Rugby Coaching Blog | Professional Rugby Advice & Coaching


What Everyone Ought to Know about a Bad Drill by David Clarke

 

I watched three different rugby sessions today.

 

And I cheated.

 

All the sessions were all online. Two were from Youtube and one was from an email I got sent by a rugby coaching business. As you know, I am a magpie for all things to do with rugby coaching, so I looked at them carefully. I came to one unfortunate conclusion.

 

But before I tell what the conclusion is, I want to tell you about something I observed last night at another training session.

 

The training session was for 14 and 15 year old boys who are aiming to get into the Osprey U16 squad. Just before the session split into rugby skills sections (I was doing decision making), the academy head man gathered the youngsters together.

 

“We are working three nights a week at the moment and that is NOT excuse to not do your homework,” he said. “You need to manage your school work and rugby. If that means working more at weekends then do it.”

 

It sounded like a parent talking. Time to switch off?

 

No. The head man then said: “You know Alun Wyn Jones (Welsh International 2nd row currently on tour in South Africa). He is a full time professional AND he is studying for law at Swansea University.

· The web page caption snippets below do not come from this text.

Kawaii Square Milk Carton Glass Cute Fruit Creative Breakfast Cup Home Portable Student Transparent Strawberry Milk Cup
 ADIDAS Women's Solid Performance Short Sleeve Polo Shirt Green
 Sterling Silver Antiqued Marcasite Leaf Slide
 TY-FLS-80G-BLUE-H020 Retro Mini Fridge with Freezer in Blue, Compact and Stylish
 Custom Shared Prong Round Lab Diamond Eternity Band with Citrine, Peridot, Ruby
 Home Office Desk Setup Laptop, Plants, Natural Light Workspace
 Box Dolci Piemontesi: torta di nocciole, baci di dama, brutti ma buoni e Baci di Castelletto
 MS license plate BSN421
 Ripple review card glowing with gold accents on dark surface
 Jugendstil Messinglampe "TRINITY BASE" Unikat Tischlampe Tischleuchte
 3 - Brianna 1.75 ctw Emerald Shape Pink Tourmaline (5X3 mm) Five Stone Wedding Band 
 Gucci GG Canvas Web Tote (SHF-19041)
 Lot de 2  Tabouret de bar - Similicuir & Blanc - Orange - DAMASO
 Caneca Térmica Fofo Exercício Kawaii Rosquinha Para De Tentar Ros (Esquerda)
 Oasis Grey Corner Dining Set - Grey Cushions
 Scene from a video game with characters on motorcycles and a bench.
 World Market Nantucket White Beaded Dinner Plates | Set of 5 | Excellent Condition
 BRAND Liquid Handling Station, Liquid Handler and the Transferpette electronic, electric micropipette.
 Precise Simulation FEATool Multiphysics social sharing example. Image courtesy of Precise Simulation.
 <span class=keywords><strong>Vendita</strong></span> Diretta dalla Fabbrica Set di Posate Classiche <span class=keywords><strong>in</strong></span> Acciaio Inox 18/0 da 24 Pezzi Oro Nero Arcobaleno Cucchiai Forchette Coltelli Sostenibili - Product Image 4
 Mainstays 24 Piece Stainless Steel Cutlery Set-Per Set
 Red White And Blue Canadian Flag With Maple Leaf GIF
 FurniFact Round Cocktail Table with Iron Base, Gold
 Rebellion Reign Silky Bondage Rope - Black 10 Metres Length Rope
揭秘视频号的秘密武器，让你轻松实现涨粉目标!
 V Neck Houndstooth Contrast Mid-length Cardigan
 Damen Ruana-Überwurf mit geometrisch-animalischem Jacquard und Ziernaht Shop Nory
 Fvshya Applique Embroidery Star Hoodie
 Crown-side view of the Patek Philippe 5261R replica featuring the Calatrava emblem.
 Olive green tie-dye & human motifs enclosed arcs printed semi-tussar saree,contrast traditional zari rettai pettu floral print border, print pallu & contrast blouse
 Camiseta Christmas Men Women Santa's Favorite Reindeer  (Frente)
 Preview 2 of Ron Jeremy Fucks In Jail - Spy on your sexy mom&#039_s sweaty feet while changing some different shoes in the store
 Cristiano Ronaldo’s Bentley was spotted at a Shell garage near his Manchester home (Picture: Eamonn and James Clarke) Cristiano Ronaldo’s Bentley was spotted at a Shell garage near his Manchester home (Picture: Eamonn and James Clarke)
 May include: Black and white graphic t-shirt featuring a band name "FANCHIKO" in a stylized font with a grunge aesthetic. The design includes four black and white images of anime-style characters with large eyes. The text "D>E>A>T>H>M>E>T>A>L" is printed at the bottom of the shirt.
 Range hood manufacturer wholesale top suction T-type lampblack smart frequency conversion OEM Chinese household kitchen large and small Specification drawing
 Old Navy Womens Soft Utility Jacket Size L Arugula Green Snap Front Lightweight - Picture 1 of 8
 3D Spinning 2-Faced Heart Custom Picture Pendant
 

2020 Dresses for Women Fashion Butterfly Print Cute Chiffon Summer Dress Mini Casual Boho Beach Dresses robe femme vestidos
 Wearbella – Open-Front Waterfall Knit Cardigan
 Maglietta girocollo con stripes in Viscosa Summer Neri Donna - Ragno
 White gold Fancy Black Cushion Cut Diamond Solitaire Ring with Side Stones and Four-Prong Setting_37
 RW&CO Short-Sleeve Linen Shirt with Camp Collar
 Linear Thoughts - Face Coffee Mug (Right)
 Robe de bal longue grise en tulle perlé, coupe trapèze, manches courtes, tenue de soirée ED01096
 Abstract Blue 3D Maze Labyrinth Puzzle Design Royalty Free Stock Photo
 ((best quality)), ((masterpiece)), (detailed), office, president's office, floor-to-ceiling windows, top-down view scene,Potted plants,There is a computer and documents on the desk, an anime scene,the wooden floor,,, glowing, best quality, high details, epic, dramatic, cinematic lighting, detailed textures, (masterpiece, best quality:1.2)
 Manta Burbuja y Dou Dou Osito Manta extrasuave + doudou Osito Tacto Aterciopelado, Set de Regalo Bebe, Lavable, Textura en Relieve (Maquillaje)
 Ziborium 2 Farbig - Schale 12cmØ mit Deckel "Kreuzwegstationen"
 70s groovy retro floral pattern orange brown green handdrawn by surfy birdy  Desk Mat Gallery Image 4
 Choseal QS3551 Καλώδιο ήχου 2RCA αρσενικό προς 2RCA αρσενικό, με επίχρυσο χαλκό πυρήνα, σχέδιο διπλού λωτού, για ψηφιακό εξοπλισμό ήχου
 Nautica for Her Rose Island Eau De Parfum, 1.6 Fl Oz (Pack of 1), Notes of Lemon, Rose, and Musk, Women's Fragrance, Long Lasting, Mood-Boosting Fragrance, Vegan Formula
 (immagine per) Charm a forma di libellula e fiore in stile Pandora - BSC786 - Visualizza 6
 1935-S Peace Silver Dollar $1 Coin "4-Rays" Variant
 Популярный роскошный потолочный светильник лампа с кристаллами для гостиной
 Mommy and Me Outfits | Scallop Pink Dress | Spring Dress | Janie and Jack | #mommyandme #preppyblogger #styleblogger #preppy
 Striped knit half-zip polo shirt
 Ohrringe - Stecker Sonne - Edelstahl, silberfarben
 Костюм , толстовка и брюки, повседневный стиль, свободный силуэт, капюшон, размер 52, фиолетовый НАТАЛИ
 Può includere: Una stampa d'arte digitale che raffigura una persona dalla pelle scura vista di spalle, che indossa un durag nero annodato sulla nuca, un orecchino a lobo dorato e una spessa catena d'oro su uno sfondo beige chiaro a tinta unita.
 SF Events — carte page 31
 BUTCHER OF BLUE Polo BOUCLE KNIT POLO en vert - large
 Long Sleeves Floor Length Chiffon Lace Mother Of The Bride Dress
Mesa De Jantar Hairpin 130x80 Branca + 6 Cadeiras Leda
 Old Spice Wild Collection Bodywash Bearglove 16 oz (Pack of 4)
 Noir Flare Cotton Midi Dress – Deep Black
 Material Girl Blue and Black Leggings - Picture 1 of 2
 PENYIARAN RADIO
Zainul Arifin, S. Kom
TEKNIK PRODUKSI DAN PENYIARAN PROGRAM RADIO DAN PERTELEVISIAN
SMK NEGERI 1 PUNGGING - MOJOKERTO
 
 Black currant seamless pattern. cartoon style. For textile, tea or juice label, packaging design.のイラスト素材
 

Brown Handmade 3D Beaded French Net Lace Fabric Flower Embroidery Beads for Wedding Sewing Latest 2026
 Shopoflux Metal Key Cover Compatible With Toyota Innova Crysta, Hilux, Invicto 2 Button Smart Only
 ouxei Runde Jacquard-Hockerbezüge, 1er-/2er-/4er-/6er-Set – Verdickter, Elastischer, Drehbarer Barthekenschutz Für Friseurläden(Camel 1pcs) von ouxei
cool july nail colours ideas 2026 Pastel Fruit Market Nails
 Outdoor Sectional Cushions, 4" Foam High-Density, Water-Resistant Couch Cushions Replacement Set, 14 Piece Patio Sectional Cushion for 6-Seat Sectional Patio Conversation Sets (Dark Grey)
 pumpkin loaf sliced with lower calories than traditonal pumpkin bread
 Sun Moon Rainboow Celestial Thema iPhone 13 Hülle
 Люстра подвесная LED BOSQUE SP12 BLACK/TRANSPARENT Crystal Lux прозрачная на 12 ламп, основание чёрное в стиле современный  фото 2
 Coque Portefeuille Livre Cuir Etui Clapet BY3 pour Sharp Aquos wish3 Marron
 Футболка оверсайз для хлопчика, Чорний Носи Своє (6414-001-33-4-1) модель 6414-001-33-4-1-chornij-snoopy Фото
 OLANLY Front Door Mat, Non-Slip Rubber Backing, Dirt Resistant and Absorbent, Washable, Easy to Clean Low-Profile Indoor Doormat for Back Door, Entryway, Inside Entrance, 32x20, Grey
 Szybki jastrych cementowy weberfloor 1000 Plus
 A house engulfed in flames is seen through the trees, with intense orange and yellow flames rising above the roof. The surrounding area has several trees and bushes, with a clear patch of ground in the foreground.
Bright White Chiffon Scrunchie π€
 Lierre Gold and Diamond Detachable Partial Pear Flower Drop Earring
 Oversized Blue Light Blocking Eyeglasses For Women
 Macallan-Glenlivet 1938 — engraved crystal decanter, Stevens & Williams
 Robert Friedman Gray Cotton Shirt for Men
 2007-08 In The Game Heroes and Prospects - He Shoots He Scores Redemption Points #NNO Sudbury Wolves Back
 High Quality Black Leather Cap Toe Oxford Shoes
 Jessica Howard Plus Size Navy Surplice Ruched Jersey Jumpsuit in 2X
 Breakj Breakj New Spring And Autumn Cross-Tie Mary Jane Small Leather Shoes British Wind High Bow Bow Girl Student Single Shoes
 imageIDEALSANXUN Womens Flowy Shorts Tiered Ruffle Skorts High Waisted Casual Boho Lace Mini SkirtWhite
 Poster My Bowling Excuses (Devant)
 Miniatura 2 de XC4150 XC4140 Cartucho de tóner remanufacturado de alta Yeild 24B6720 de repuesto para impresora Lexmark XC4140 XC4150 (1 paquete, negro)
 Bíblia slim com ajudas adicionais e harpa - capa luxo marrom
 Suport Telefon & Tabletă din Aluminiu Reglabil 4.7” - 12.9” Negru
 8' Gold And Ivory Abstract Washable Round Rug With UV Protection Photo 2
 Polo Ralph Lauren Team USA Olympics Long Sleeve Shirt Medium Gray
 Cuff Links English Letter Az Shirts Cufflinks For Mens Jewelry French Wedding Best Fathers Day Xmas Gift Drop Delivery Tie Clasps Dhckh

He manages to do both to a very high standard”.

 

The use of a real life example was powerful, hammering home the sort of commitment these boys needed.

 

So, to my conclusion from the sessions.

 

I watched how the players started the exercises. They ran at each other from positions that they wouldn’t normally in a game. Either the rugby offside lines were incorrect, or the angles of entry into the grids were unlikely, or worse still, the players were passing the ball forwards because they were just running towards each other.

 

Don’t practice in the wrong environment

 

I spent the weekend reading and annotating a scientific paper on rugby decision-making. One of key conclusions was that players improve in realistic rugby environments. That is because they are making sometimes imperceptible decisions based on the information that they are facing. Skew this information away from normal game circumstances, then the players are practising under false pretences.

 

Yes, create different constraints on drills and exercises, but don’t allow players to enter into the exercise from positions they would never take up in the regular game.

 

It is subtle change perhaps to your coaching, but one you need to acutely aware of.